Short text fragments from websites
------------------------

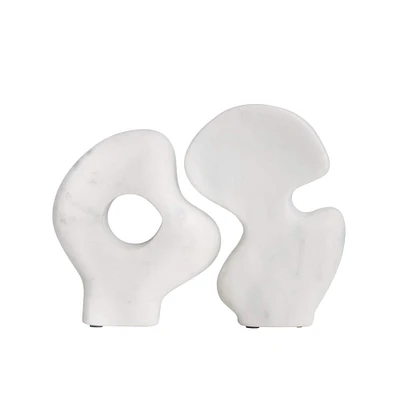 Bloomingville 6.5" White Decorative Abstract Marble Sculptures Set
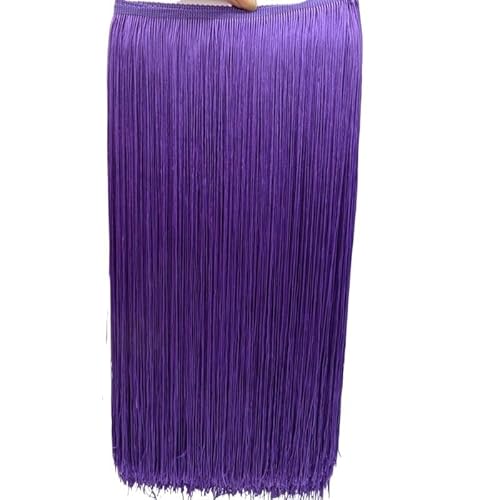 Tanzfransen Nähzubehör für DIY Basteln, 2 Meter/los 100 CM Lange Spitze Quaste Fransenbesatz for DIY Latin Kleid Bühnenkleidung Vorhang Zubehör Band(Purple) von Skdvy
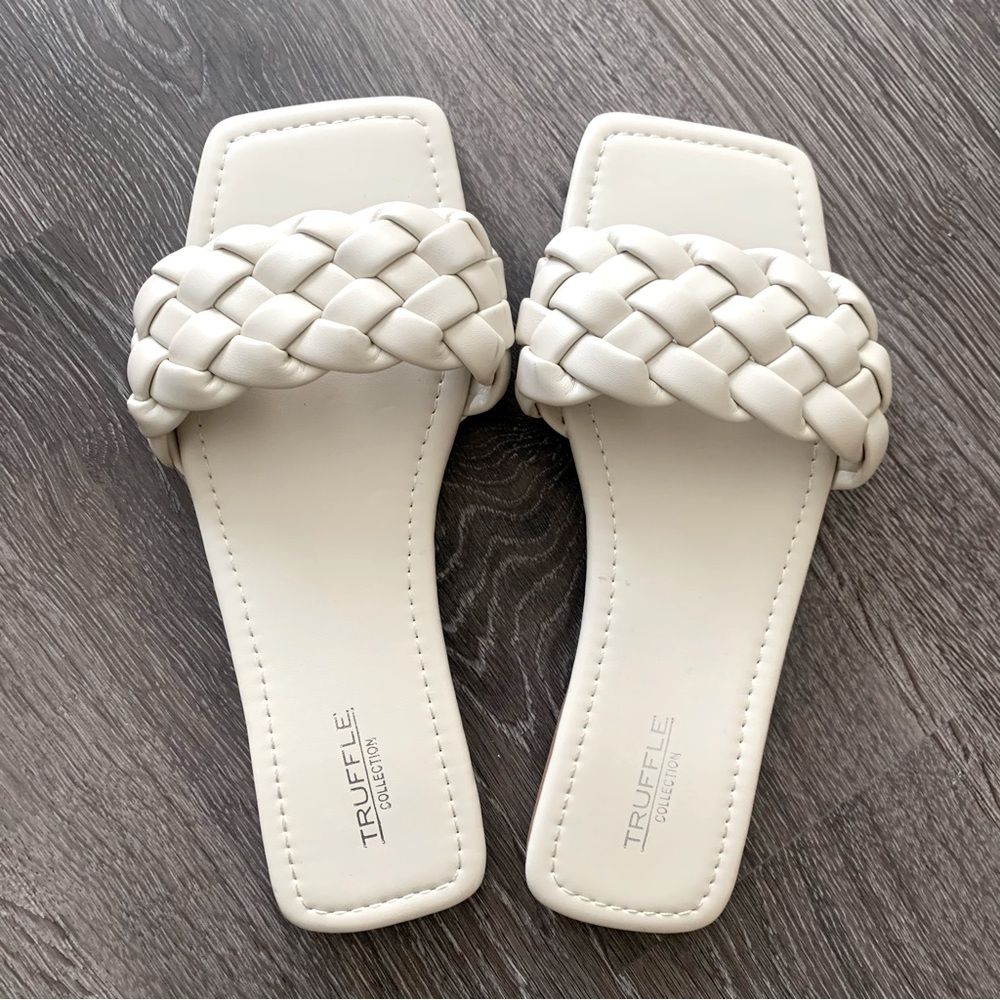 ASOS Braided Slide Sandals | Bone Faux Leather | Size 9W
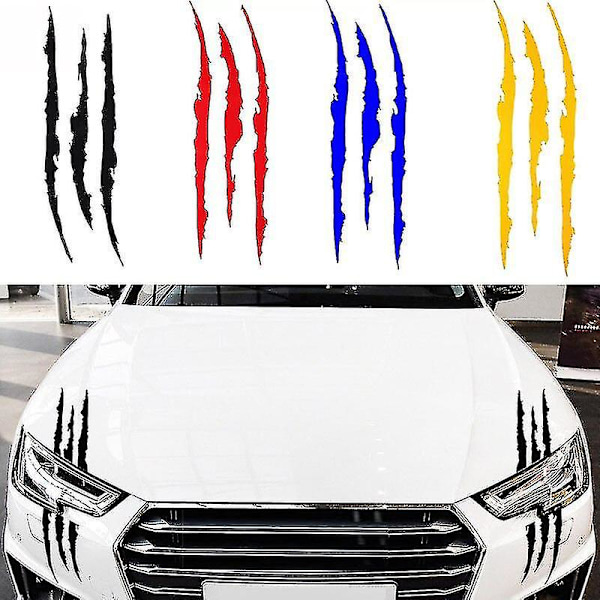 2 stk. Refleks Monster Klo Merker Stripe Merker Auto Frontlykt Klistremerke (Blå)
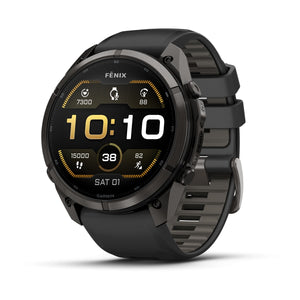 fēnix® 9 Pro – 51 mm, AMOLED, Sapphire, Carbon Grey DLC-titanium med Black/Pebble Grey silikonerem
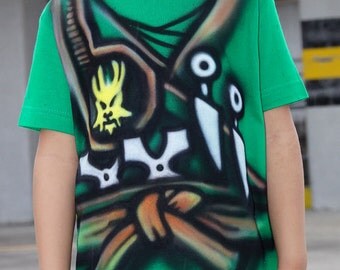 Green NINJA T-shirt |Ninjago Lloyd t-shirt |Warrior T-SHIRT |Airbrushed t-shirt |Ninjago birthday party gift for boy and girl |Personalized
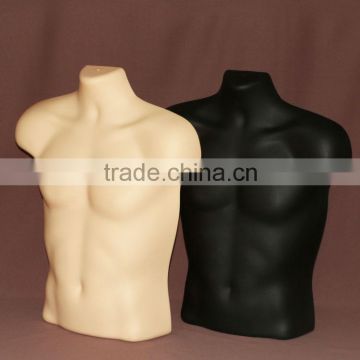 Plastic hanging man headless half-body male mannequin torso
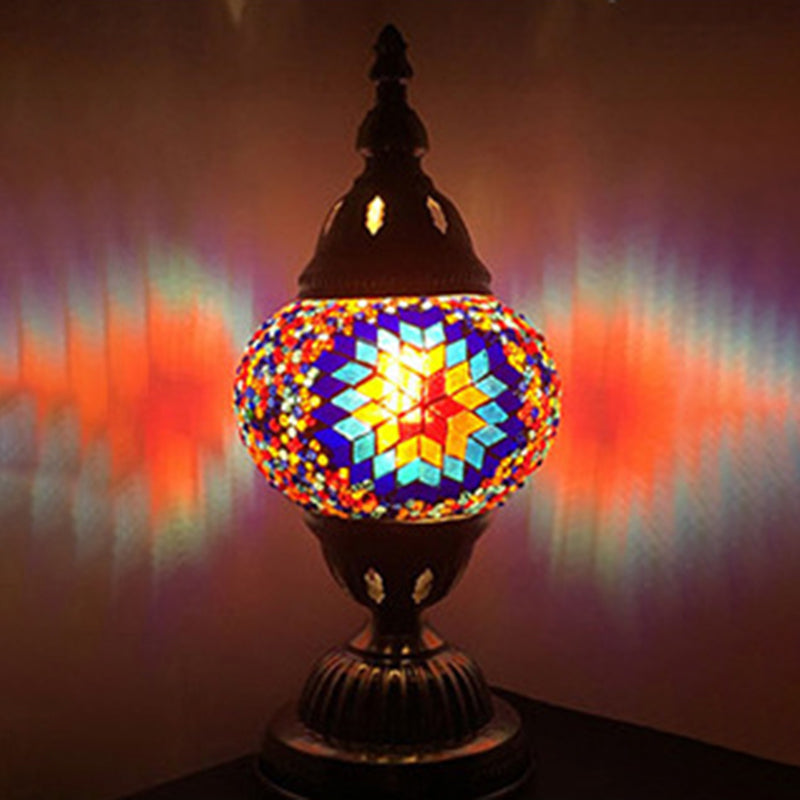 Lampada da tavolo con paralume in vetro stile asiatico, lampada da tavolo a mosaico turco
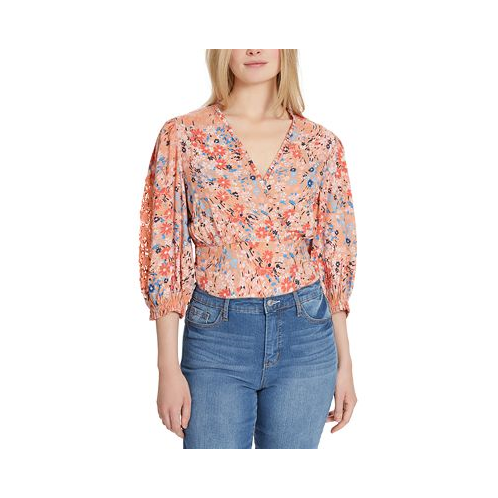 Jessica Simpson Womens Patsy Floral Faux-Wrap Top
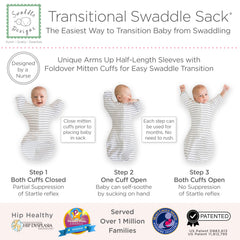 SwaddleDesigns Transitional Swaddle Sack with 2-way zipper for easy diaper changes.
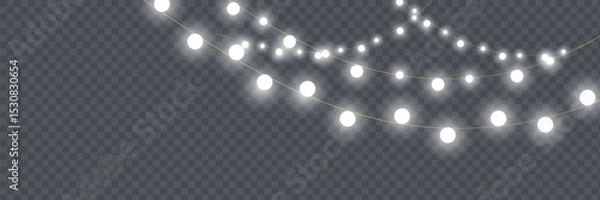 Fototapeta Christmas lights isolated realistic design elements. Glowing lights for Xmas Holiday cards, banners, posters, web design.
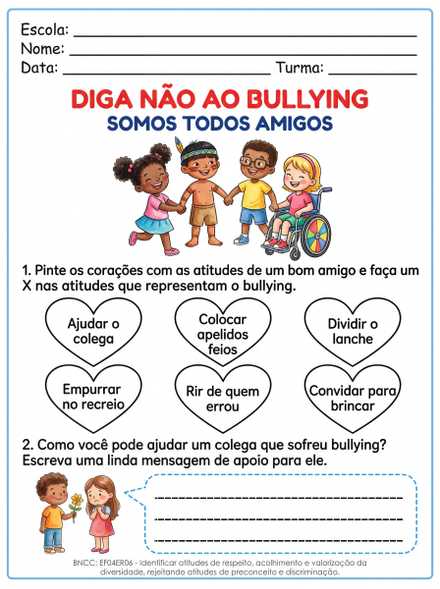 Atitudes contra o bullying e mensagem de apoio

------------------------

▶ _What is being asked_: The range to print runs from the line with "Fototapeta Christmas lights" through the last line of the entries, both included; keep it exact and skip the pictures.

▶ _Response_:
 Fototapeta Christmas lights isolated realistic design elements. Glowing lights for Xmas Holiday cards, banners, posters, web design.
 Atitudes contra o bullying e mensagem de apoio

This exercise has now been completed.